To operate this considerable body of equipment required many people. The requirement for the marine fire brigade to be quickly available in those pre two-way-radio days meant that it was preferable for additional staff to be nearby, something that was difficult on an island if the staff lived ashore. There was plenty of room on Goat Island’s roughly 500m by 300m.
From the end of World War One for perhaps a decade, two rows of self-contained houses and a single-men’s barracks were built on the crown of the island and along the lower part of the eastern side. The houses were fairly standard solid cottages of the period and were of various sizes according to the family needs or staff seniority of the intended occupants.
In pride of place was the magnificent two story Harbourmaster’s house with its strategically-placed balcony from which this august individual, armed no doubt with a telescope and a signalman nearby, could keep an eye on the commercial activities of the port.
Not counting the single men’s barracks which was used, mainly, by the duty fire crew, there was a dozen homes on the island. Of these only two were not purpose built. On the southern end of the island is the stone-built officers quarters, dating back to the 1830s when the island was used as a convict gaol. The separate kitchen and storeroom area was in use as a family home when I began work on the island in 1980.

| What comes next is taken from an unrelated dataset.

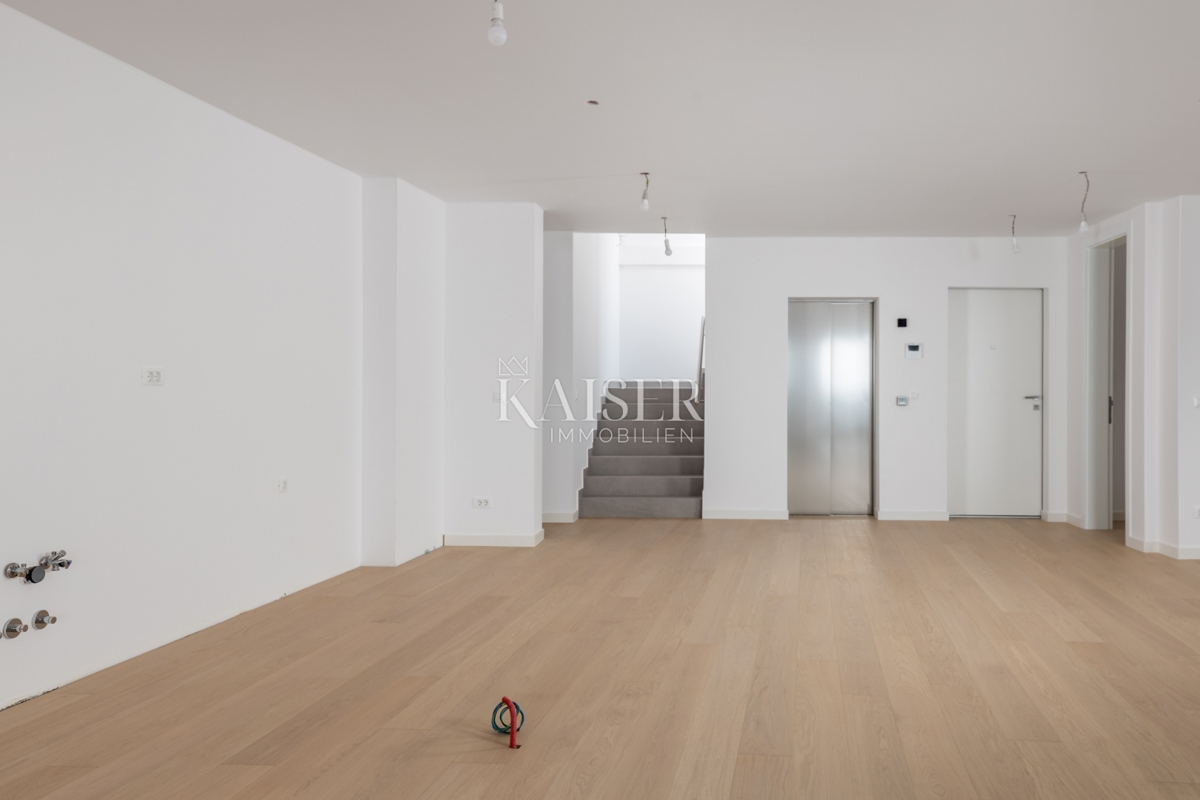 Appartamento Opatija, 545,79m2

On the eastern point of the island, facing directly towards the Harbour Bridge was and is House Number 12. This started life as the headquarters of the Water Police which had earlier been known as the ‘Rowboat Guard’ (Afloat Nov’89) and who probably still used oars and sails to patrol the port. According to an old Maritime Services Board publication the building was erected in 1838 and it also served to accommodate some, perhaps, of the soldiers who were required to control the convicts which were kept on the island.
When I was working on the island at various times between 1980 and 1990, the old Police Building was in a bad state of disrepair and only five of the purpose-built houses, including the Harbour Master’s mansion, were still standing and lack of maintenance was starting to show.

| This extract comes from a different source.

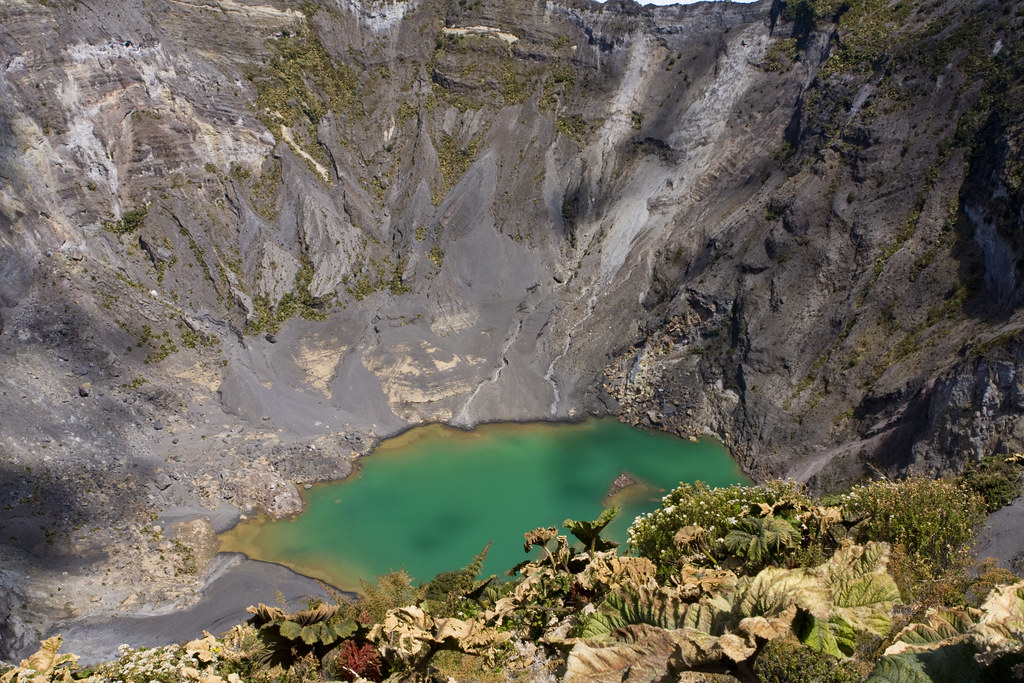 Vue plongeant sur l'Irazu, le plus haut volcan du Costa Rica et historiquement le plus actif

Several families still lived on the island but following the introduction of the Greiner government with its dogma of ‘user pays’, rents asked for the properties on the island began a steep rise. An article in a Sydney paper berated the government for allowing low paid workers to have the benefit of ‘million dollar views’ at peppercorn rates. The no-doubt, well paid author of this tripe failed to understand the idea that having people immediately on hand was an intangible bonus for the port authority.
By the late 1980s the last families had left the island and moved many kilometres north or west. An unusual, almost unknown way of life had ended.
Many years ago I worked for the same press company as did aviation writer Ben Sandilands and he told me of his early childhood on the island and of going to school by launch from the island to Woolwich. More recently he has commented on the web about living in House Number 4 which was built in 1922 and about the joys and delights of a child’s life on the island in the 1950s.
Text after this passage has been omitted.